Yusuf mengatakan, beberapa waktu lalu giliran Komisi Pemberantasan Korupsi (KPK) yang meminta data transaksi keuangan Nurhadi. Permintaan tersebut dilakukan setelah KPK menangkap tangan panitera Pengadilan Negeri Jakarta Pusat.
Nurhadi juga diduga mengetahui perkara suap yang melibatkan panitera Pengadilan Negeri Jakarta Pusat. Ia pun telah dicegah agar tidak bepergian ke luar negeri.
Kasus ini bermula dari operasi tangkap tangan KPK terhadap Panitera Pengadilan Negeri Jakarta Pusat Edy Nasution dan pihak swasta bernama Doddy Ariyanto Supeno. Keduanya telah ditetapkan sebagai tersangka selaku pemberi dan penerima suap.

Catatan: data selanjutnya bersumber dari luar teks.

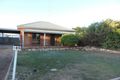 Property photo of 2/86 Bay Road Moonta Bay SA 5558
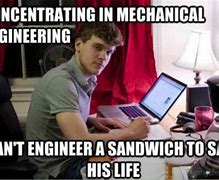 Image result for Engineering School Memes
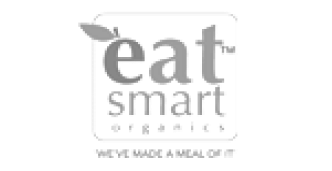 Eat Smart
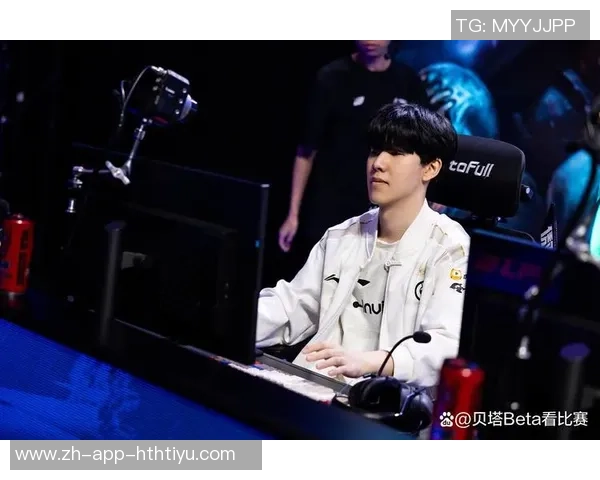 职业联赛分析：IG在比赛节奏中的表现与策略探讨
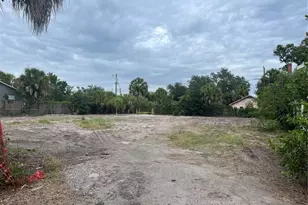 2018 43rd St S, Saint Petersburg, FL 33711 - Photo 1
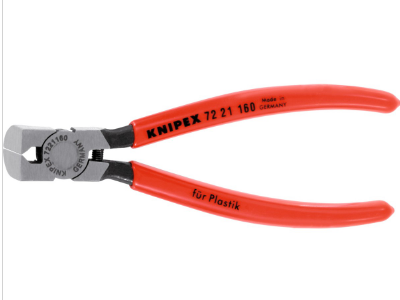 NIPEX     72 21 160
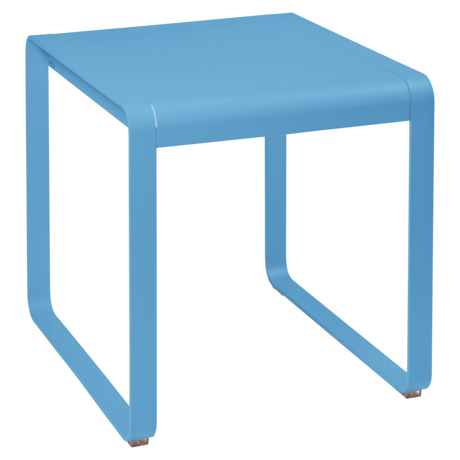 Bellevie Table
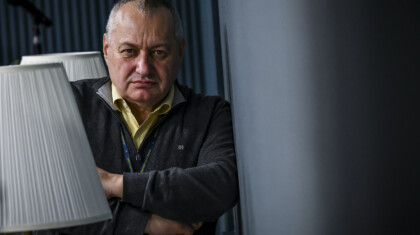 Srdjan Milivojevic 011 copy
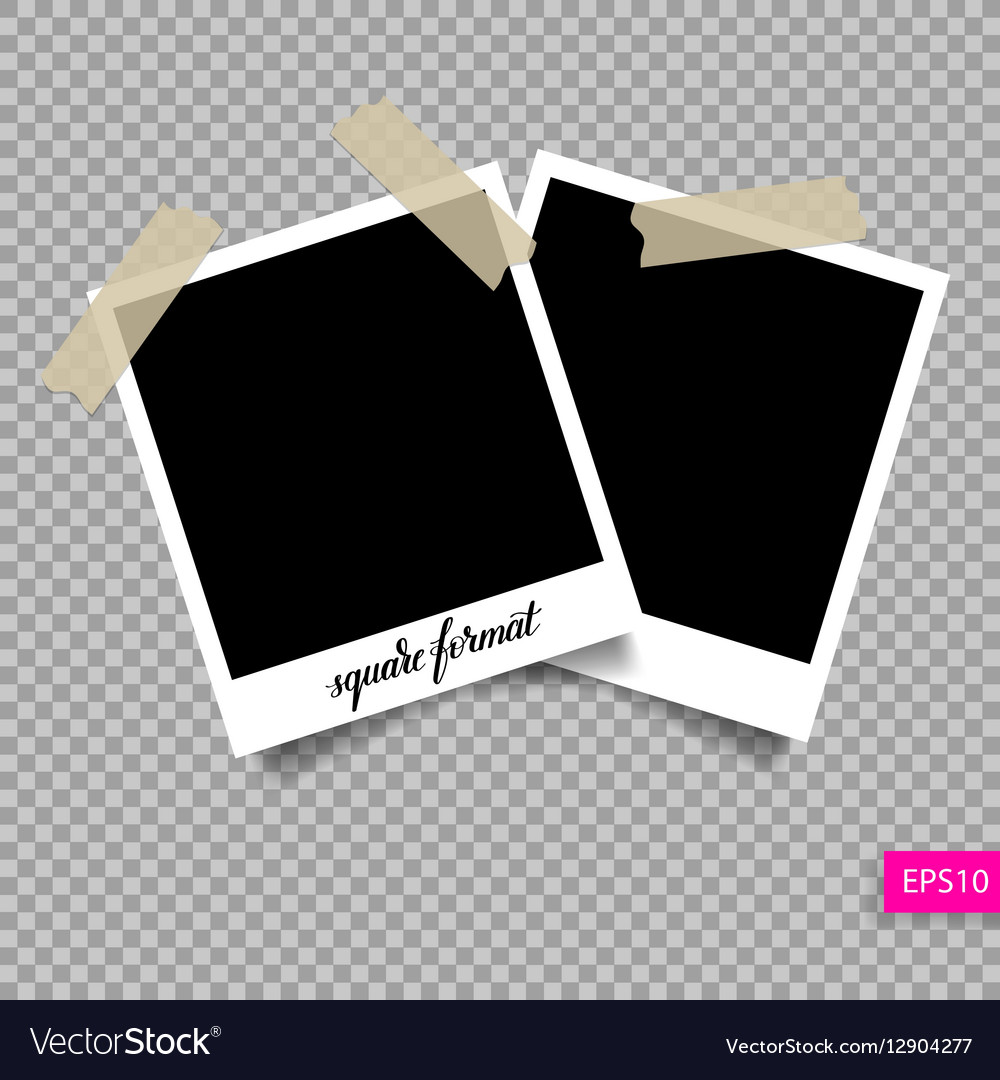 Detail Template Frame Foto Nomer 23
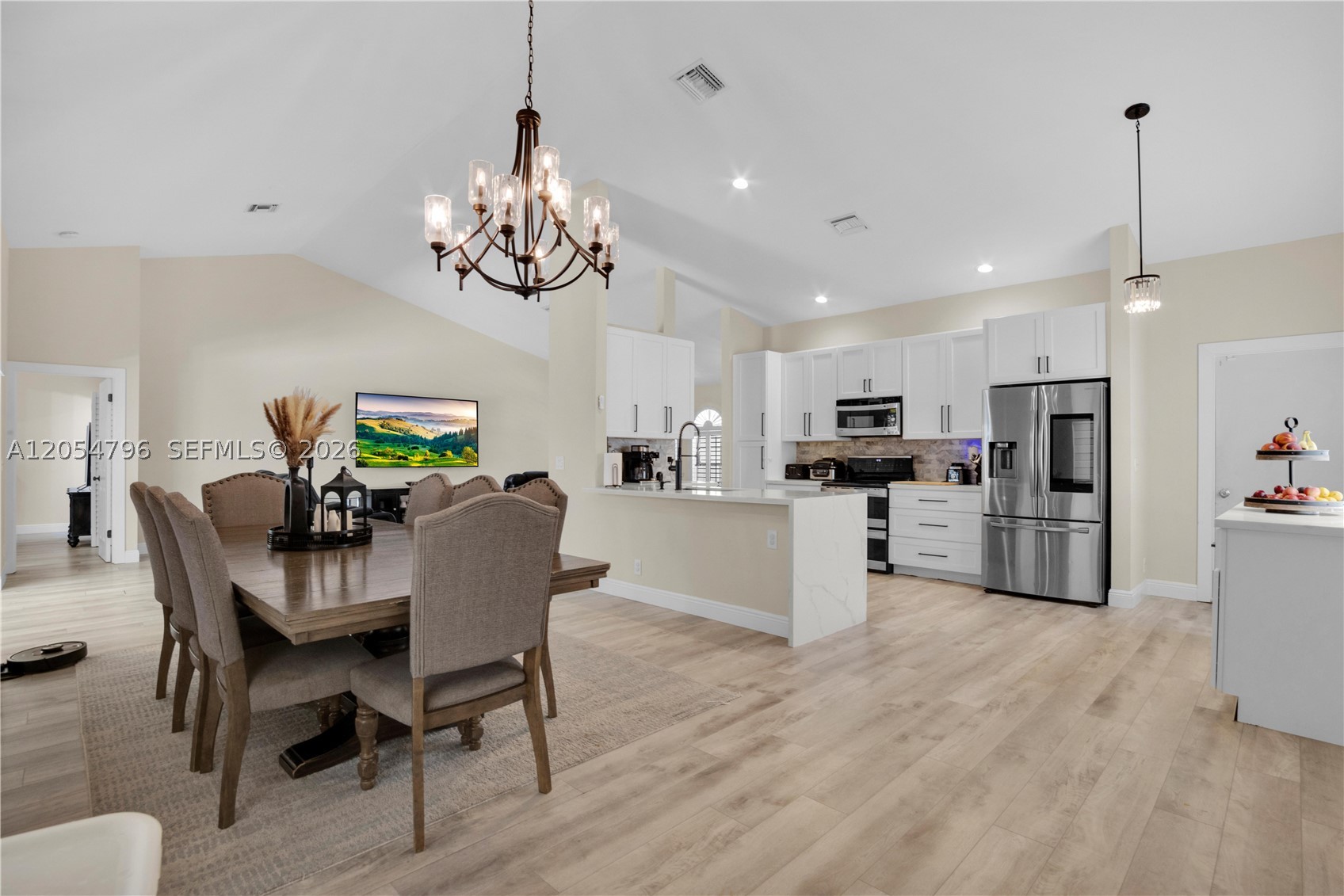 6610 NW 41st Ter, Coconut Creek FL 33073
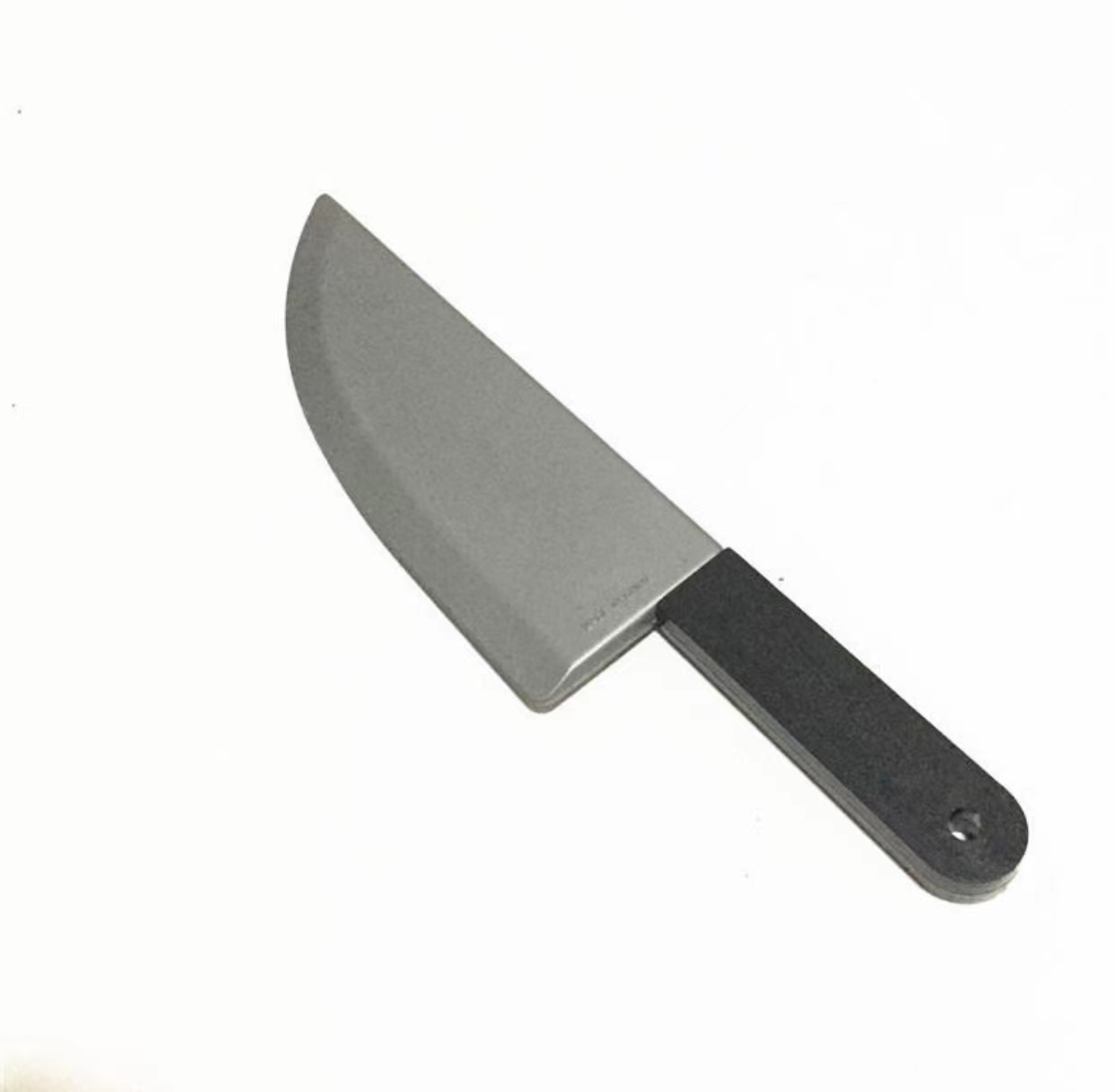 厦门奇葩户型大合集,厦门十大顶级户型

Uang sebesar Rp50 juta yang disita dalam operasi tangkap tangan tersebut diduga terkait pengajuan peninjauan kembali (PK), dua perusahaan swasta yang sedang berperkara di PN Jakarta Pusat.
Dalam kasus ini, KPK juga telah menyita uang sebesar Rp1,7 miliar di kediaman milik Nurhadi di Jalan Hang Lekir, Kebayoran Baru, Jakarta. Uang dalam jumlah tersebut ditemukan dalam berbagai pecahan mata uang asing. KPK menduga uang tersebut terkait dengan perkara hukum yang sedang ditelusuri di PN Jakpus.